On the Borderland of Dream

Prelude of desire leading to genuine experience. A week of both heavens & hells, not to be documented exactly as it happened for life is no chronology, no matter what History tries on for size, & even though the dream first presented smokestacks burning every bridge of childhood, that land & time are not irrelevant, nor walls upon which were engraved the word: INNOCENCE, where I marveled at the change of perspective, realizing upon waking that it was simply the dream doing what it wants, the dream does what it wants. I got up early on what was a Tuesday, picking up the convertible for speed & aesthetics.

Interruption of inspiration is essential.

What pose was she in on her yoga mat? What height reached in her entrechat on the dance floor, when I yelled up, “Who wants to go see the sunrise?” If I’d known at that time The White Mountains loomed in our immediate future... While I peered behind clouds she spotted the burnt-orange arc lift up from the island itself, a mathematics of joy beyond any geometry.

Where was I going, which direction, what was my mind on other than the road, when I saw her on the street oozing a sensuality greater than her parts? Too young to know what it meant, she sensed its power, more powerful than a man-made internal combustion engine, in her virginity & by her example the earth followed suit for the rest of the week: it oozed, becoming a music for language to bloom, bear fruit, move on.

Sun rose slowly, we held on to Time keeping suffering at bay, but not forgotten, nor fully mourned.

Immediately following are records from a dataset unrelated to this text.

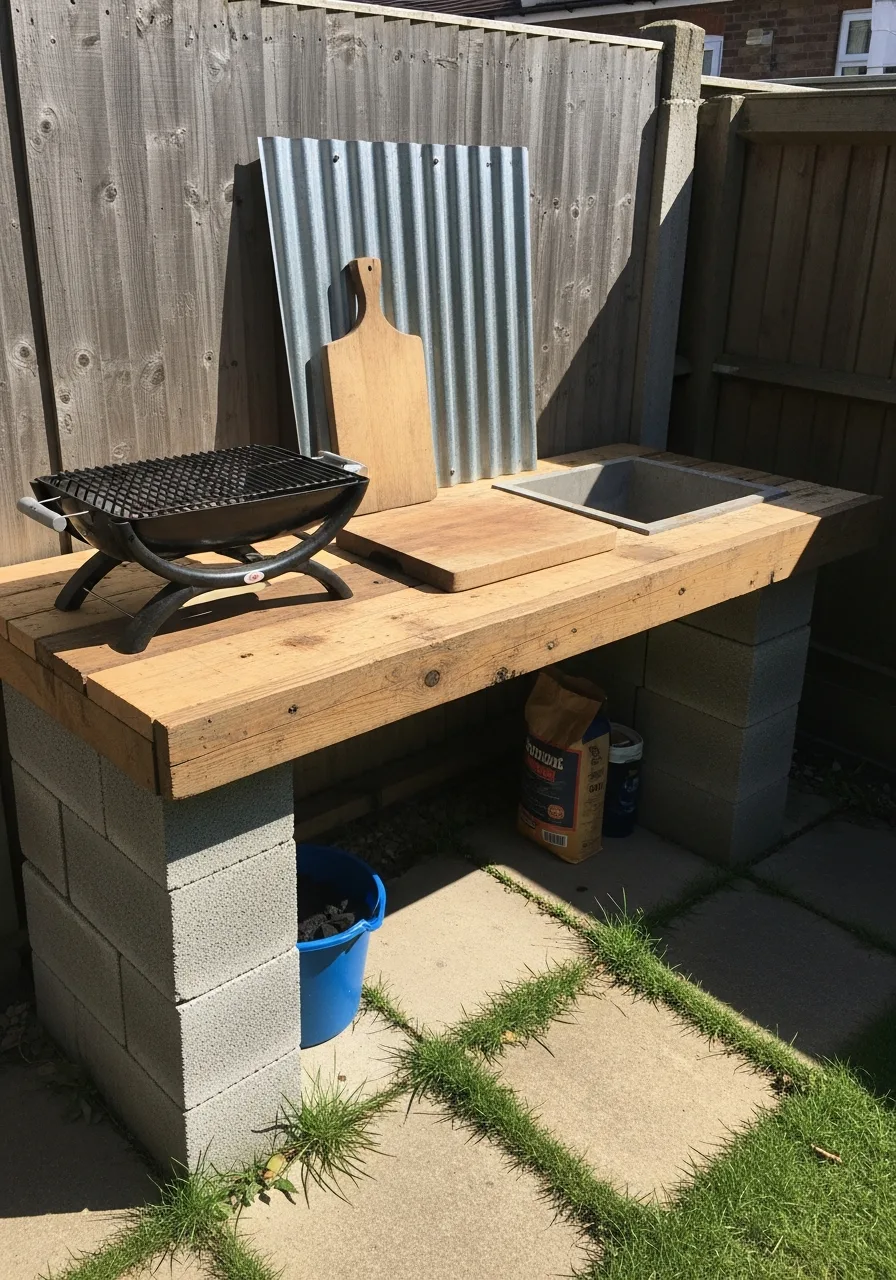 35. Mixed Material Kitchen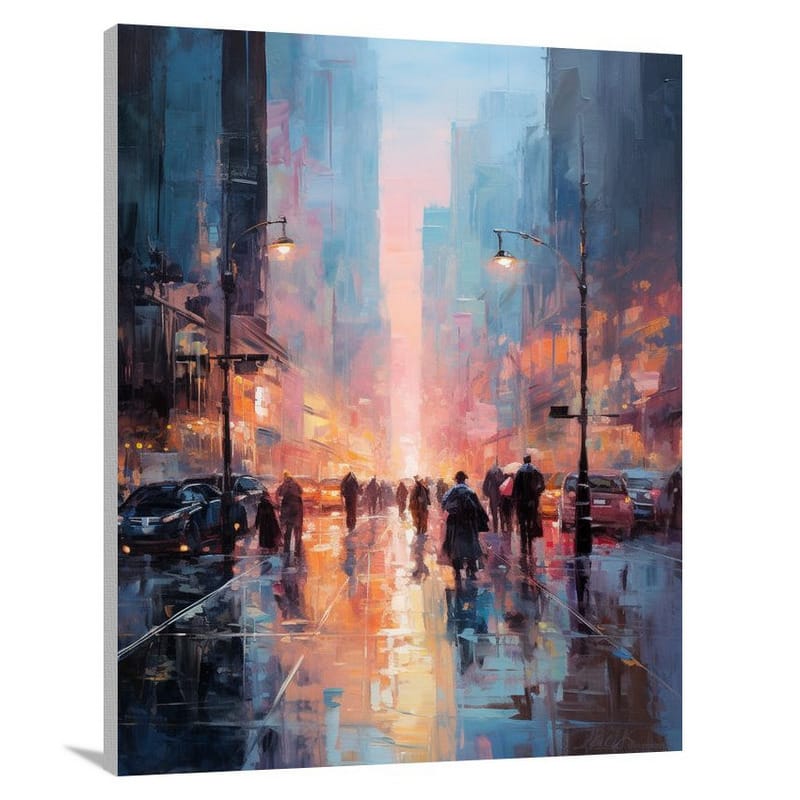 Street Symphony - Impressionist - Canvas Print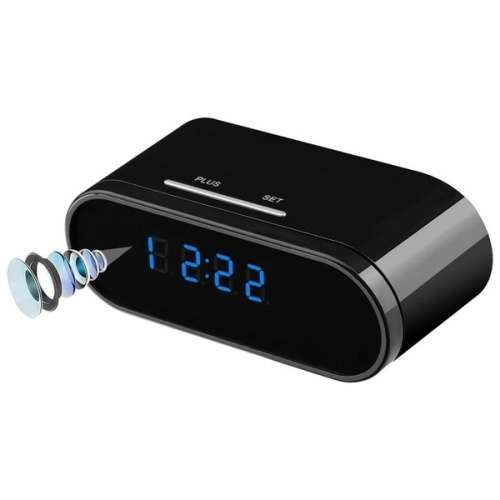 1080P Wireless WiFi HD Spy Hidden Alarm Clock Security Cam DVR
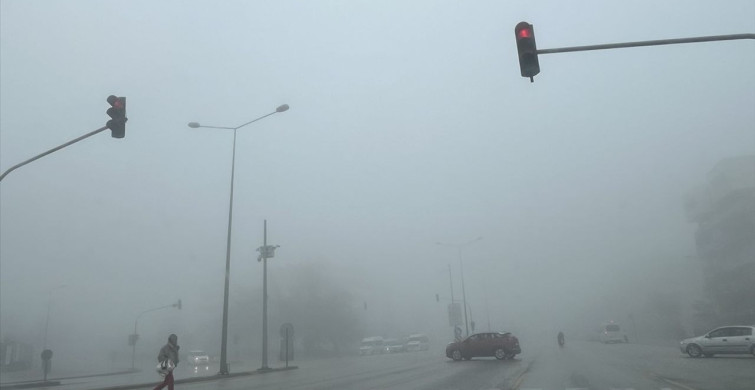 Denizli'de Sis Ulaşımı Olumsuz Etkiledi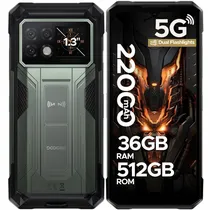Cel Doogee S200 Max 5G 16GB+512GB Gris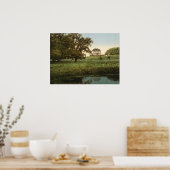 コペンハーゲン – クラムペンボルグエルミタージュとパーク ポスター (キッチン)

Oozed up into music. Drove north to the library for the book, Men in Dark Times, where the author is sure no experience is worthy until put into language, & that men in dark times will cohere into action. The road was bright & sunny in the convertible with the man-made internal combustion engine. It was as good as a boat, as a plane, as goodness itself.

I already had the book on Goya with the drawing, “The Garter,” prelude to the Capricho etching, “It fits well,” in which André Malraux asks, “What genius has not transfigured his childhood?” noting that in his work Goya resided on the borderland of dream.

Sun rolled right into us, as if it were all four wheels of the convertible oozing into music.

Let’s not forget, however, that when the alloy wheel of conscience scrapes against the granite curb of superego the temptation to salve scratches of shame marking acts of hubris & stupidity cannot be erased by quick fixes in mud & paint. While the wound is open, a look inside, especially revelatory not liking what is seen, then drive on.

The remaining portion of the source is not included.